**TASK OBJECTIVE:** Copying rule for the data below: pictures stay out, and only the lines from the one with "Hi friends, this" down to the one with "First of all, make", inclusive, are repeated exactly.

**EXTRACTED DATA:**
[Start of section]

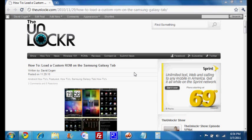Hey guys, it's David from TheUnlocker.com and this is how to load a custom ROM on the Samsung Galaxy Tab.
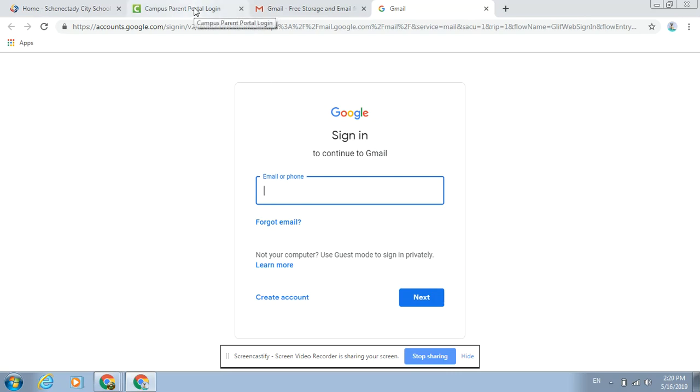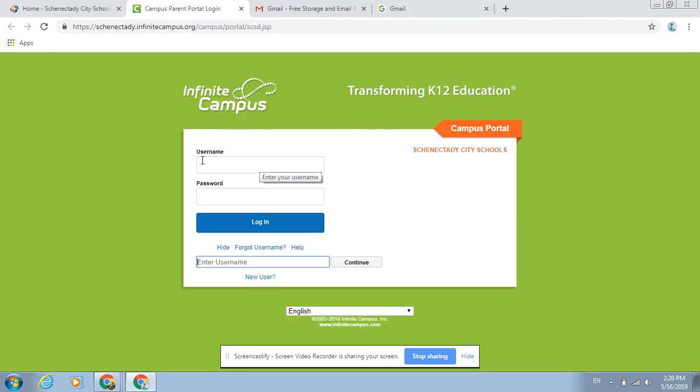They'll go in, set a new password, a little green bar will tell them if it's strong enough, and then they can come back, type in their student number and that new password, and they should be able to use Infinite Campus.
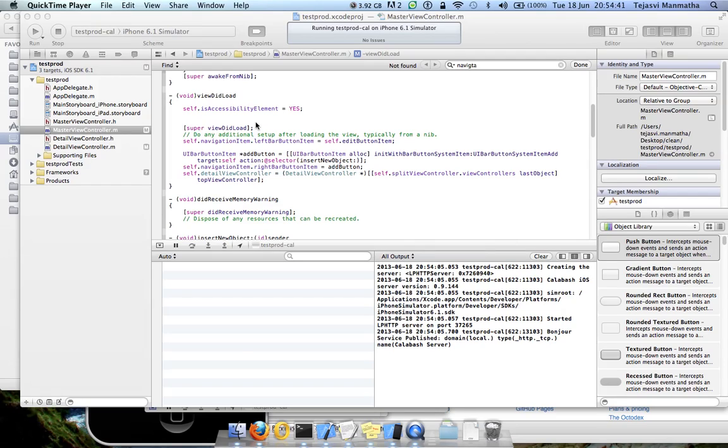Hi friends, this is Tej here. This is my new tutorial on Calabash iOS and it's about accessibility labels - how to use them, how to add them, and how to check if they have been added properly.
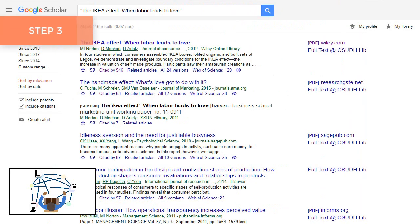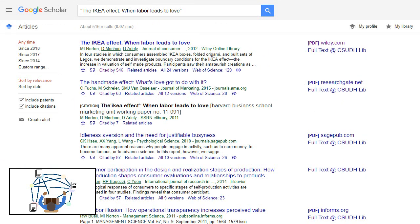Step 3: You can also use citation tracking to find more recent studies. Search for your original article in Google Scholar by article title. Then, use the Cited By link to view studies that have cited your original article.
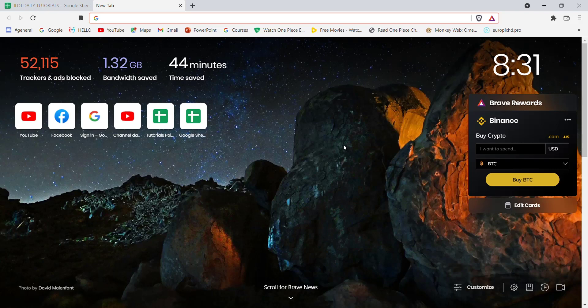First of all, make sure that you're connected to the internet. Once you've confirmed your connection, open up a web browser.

[End of section]
[Start of section]

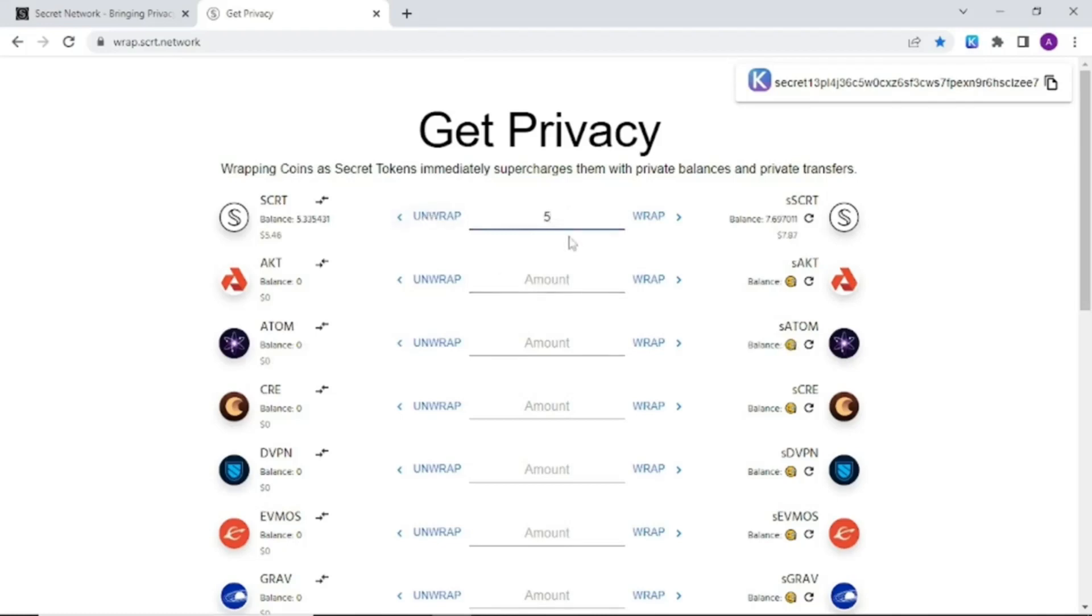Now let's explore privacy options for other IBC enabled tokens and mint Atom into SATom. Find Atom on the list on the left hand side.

[End of section]
[Start of section]

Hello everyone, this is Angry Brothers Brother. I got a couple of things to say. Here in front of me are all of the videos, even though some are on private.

[End of section]

**REPLY TO THE TASK:**
Hi friends, this is Tej here. This is my new tutorial on Calabash iOS and it's about accessibility labels - how to use them, how to add them, and how to check if they have been added properly.
Step 3: You can also use citation tracking to find more recent studies. Search for your original article in Google Scholar by article title. Then, use the Cited By link to view studies that have cited your original article.
First of all, make sure that you're connected to the internet. Once you've confirmed your connection, open up a web browser.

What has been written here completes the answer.